Name	Type	Description	Default
`params`	`Qwen3MoEForCausalLMParameters`	Full model configuration parameters.	required
`stage`	`PipelineStageInfo`	Pipeline stage information for this instance.	required
`hidden_states_snapshot_mode`	`HiddenStatesAggregationMode`	Configures intermediate hidden state aggregation & snapshotting mode.	required
`enable_checkpointing`	`bool`	Whether to enable activation checkpointing.	required

`forward(input_ids=None, hidden_states=None, position_ids=None, hidden_states_snapshot=None, hidden_states_agg_mask=None, labels=None)`

Executes the model forward pass.

If this is the last stage, it expects labels to be provided and computes the cross-entropy loss (returned as 'logps' typically representing per-token loss).

Parameters:

Name	Type	Description	Default
`input_ids`	`Tensor \| None`	Input token IDS (for Stage 0).	`None`
`hidden_states`	`Tensor \| None`	Hidden states from previous stage (for Stage > 0).	`None`
`position_ids`	`Tensor \| None`	Positional indices for RoPE.	`None`
`hidden_states_snapshot`	`Tensor \| None`	Intermediate state collector.	`None`
`hidden_states_agg_mask`	`Tensor \| None`	Mask for state aggregation.	`None`
`labels`	`Tensor \| None`	Target tokens for loss computation (Last Stage).	`None`

Returns:

Type	Description
`dict[str, Tensor]`	Dictionary containing 'hidden_states', optionally 'hidden_states_snapshot',
`dict[str, Tensor]`	and per-token 'logps' if on the last stage.

`reset_moe_stats()`

Resets MoE routing statistics in the backbone.

`reset_parameters()`

Resets module parameters.

`Qwen3MoEForCausalLMParameters`

Bases: BaseModel

Configuration parameters for Qwen3 Mixture-of-Experts model with a Causal Language Modeling head.

Attributes:

Name	Type	Description
`model`	`Qwen3MoEParameters`	The configuration for the underlying Qwen3 MoE model.

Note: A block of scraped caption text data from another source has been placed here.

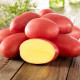 Sadbové zemiaky Laura - Solanum tuberosum - Kiepenkerl - sadivo - 10 ks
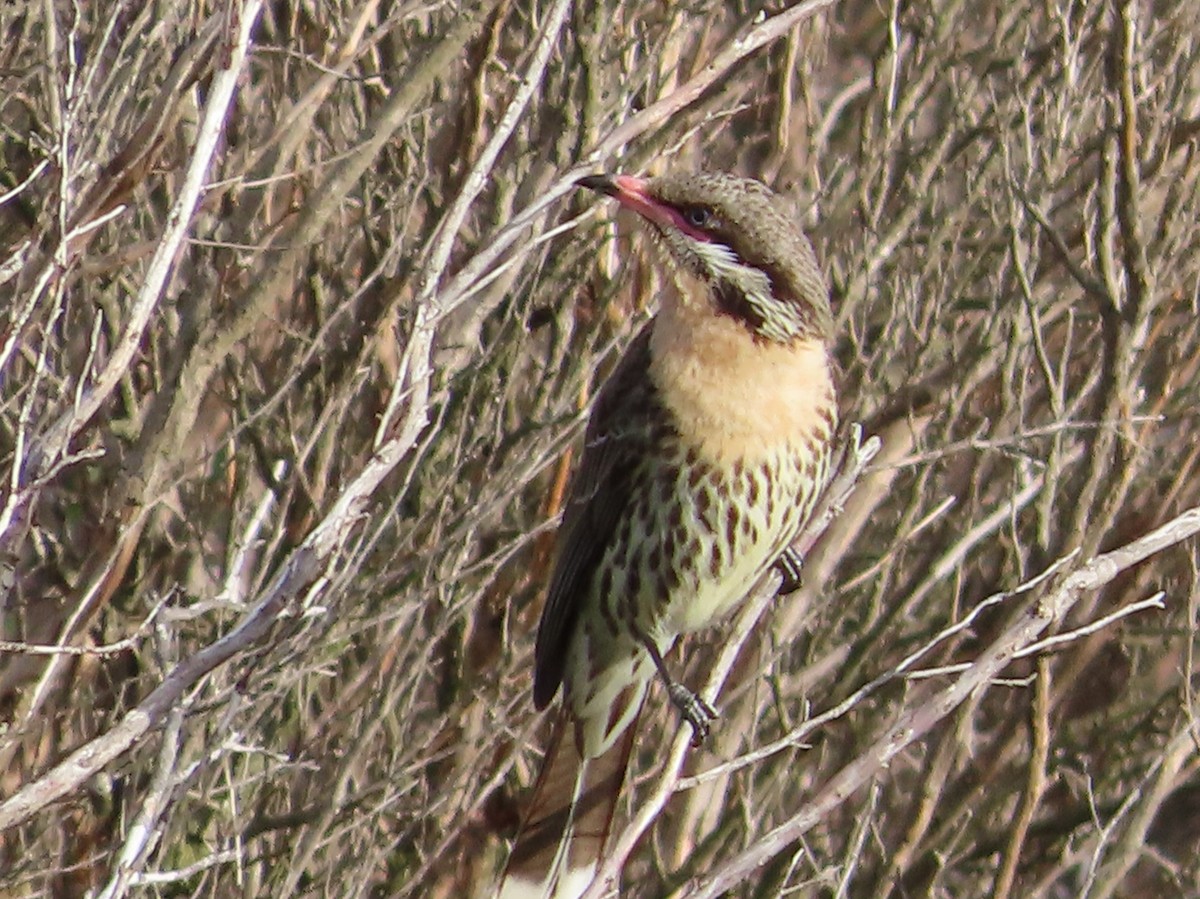 Spiny-cheeked Honeyeater - ML642496843
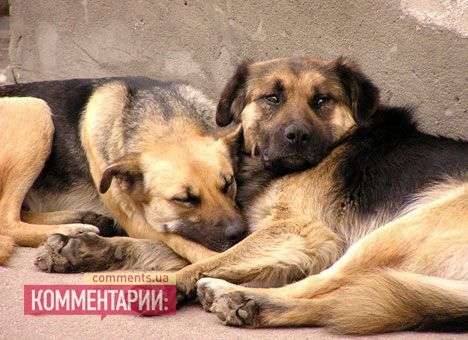 В Англии начнут «чипировать» собак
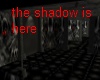 (s)Into the shadows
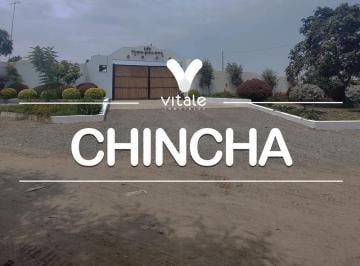 Terreno / Lote · 47900m² · 2 Dormitorios · Terreno en Venta de 4.79 Has - El Carmen, Chincha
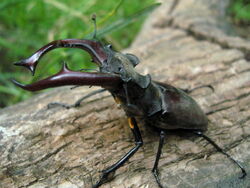 Beetle.jpg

`Qwen3MoEForClassification`

Bases: Module, ModuleLateInit, ModuleSupportsPipelining

A Qwen3 MoE model wrapped with a Sequence/Token Classification head.

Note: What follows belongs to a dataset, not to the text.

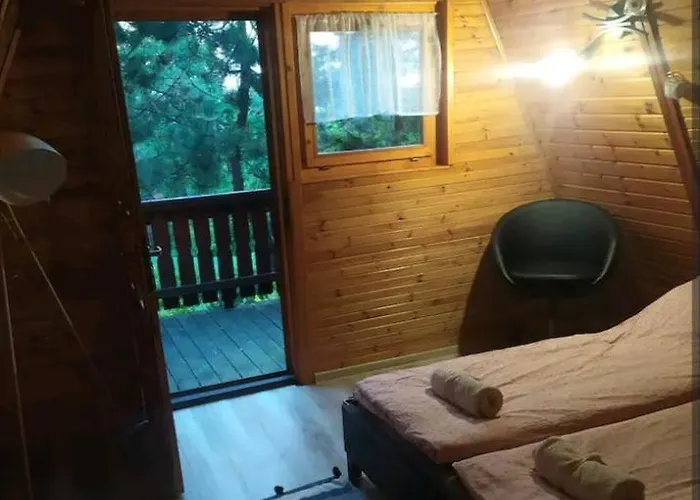 בית נופש W Gorach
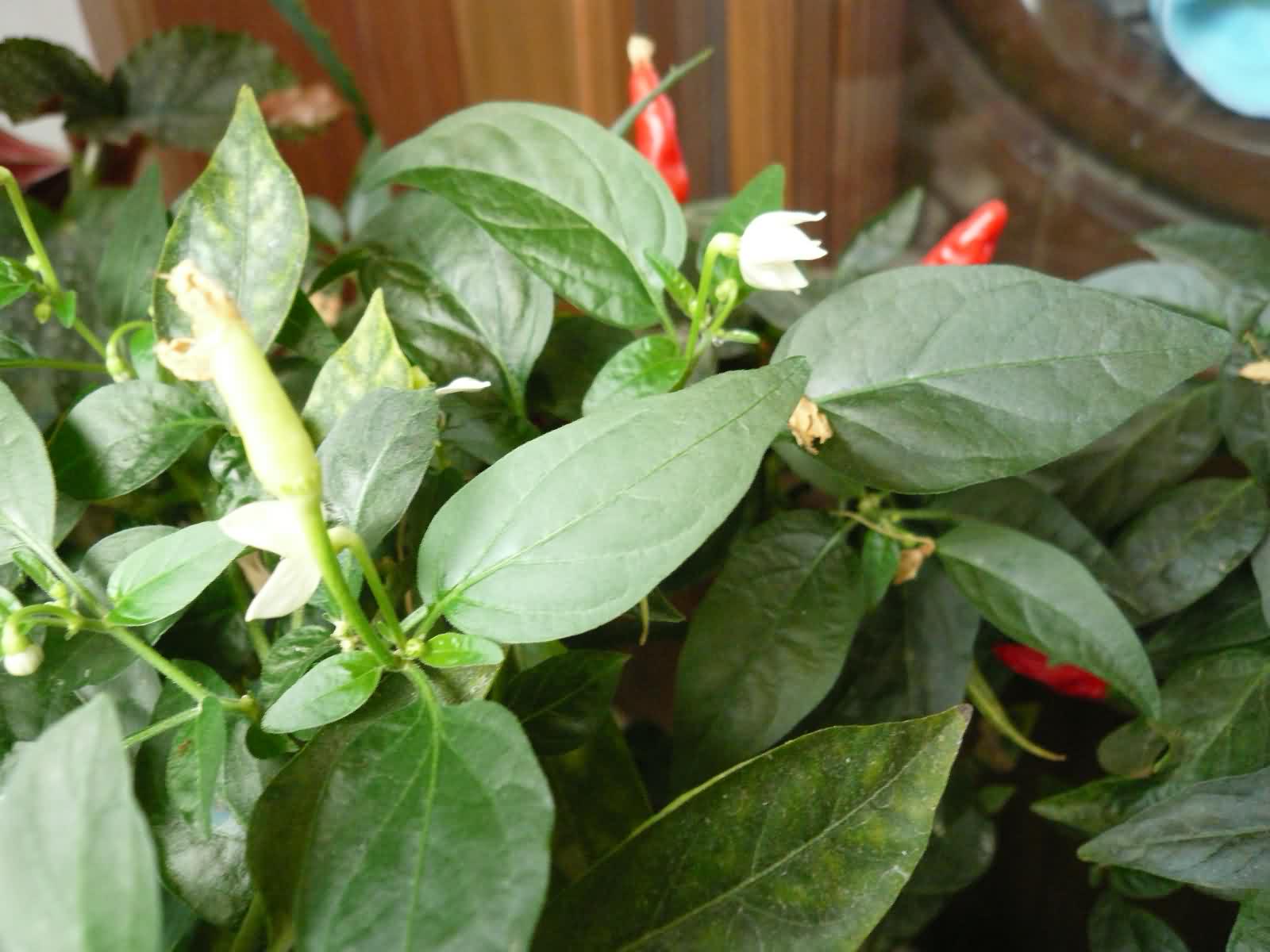 P1230660.JPG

It is designed to be split across multiple pipeline stages.

`moe_tokens_per_expert` `property`

Accesses MoE routing statistics from the backbone.

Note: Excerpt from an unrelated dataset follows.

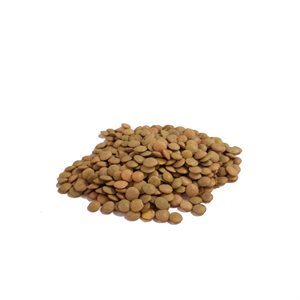 Lentilles Vertes Bio Vrac Env:100g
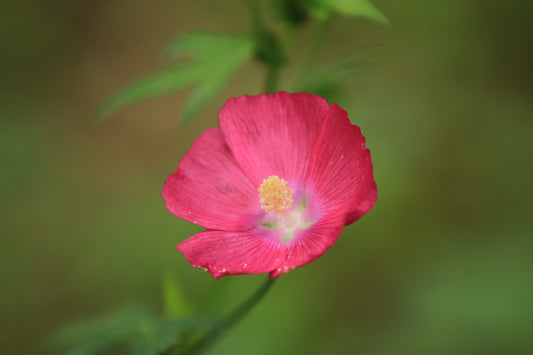 Bush's Poppy Mallow (Callirhoe bushii)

`init(params, stage, hidden_states_snapshot_mode, enable_checkpointing)`

Constructs the Qwen3MoEForClassification object.

Parameters:

Name	Type	Description	Default
`params`	`Qwen3MoEForClassificationParameters`	Full model configuration parameters.	required
`stage`	`PipelineStageInfo`	Pipeline stage information for this instance.	required
`hidden_states_snapshot_mode`	`HiddenStatesAggregationMode`	Configures intermediate hidden state aggregation & snapshotting mode.	required
`enable_checkpointing`	`bool`	Whether to enable activation checkpointing.	required

`forward(input_ids=None, hidden_states=None, position_ids=None, hidden_states_snapshot=None, hidden_states_agg_mask=None, pooling_mask=None)`

Executes the classification model forward pass.

Parameters:

Name	Type	Description	Default
`input_ids`	`Tensor \| None`	Input token IDS (for Stage 0).	`None`
`hidden_states`	`Tensor \| None`	Hidden states from previous stage (for Stage > 0).	`None`
`position_ids`	`Tensor \| None`	Positional indices for RoPE.	`None`
`hidden_states_snapshot`	`Tensor \| None`	Intermediate state collector.	`None`
`hidden_states_agg_mask`	`Tensor \| None`	Mask for state aggregation.	`None`
`pooling_mask`	`Tensor \| None`	Binary mask indicating which token(s) to pool for classification. Note: you can use `d9d.dataset.token_pooling_mask_from_attention_mask` in your Dataset to preallocate the pooling mask from attention mask.	`None`

Returns:

Type	Description
`dict[str, Tensor]`	Dictionary containing 'hidden_states', optionally 'hidden_states_snapshot'. If on the last stage, also contains 'scores' (logits) of shape [batch, num_labels].

`reset_moe_stats()`

Resets MoE routing statistics in the backbone.

`reset_parameters()`

Resets module parameters.

`Qwen3MoEForClassificationParameters`

Bases: BaseModel

Configuration parameters for Qwen3 Mixture-of-Experts model with a token/sequnce classification head.

Attributes:

Name	Type	Description
`model`	`Qwen3MoEParameters`	The configuration for the underlying Qwen3 MoE model.
`num_labels`	`int`	The number of output labels for classification.
`classifier_dropout`	`float`	The dropout probability for the classification head.

`Qwen3MoELayer`

Bases: Module, ModuleLateInit

Implements a single Qwen3 Mixture-of-Experts (MoE) transformer layer.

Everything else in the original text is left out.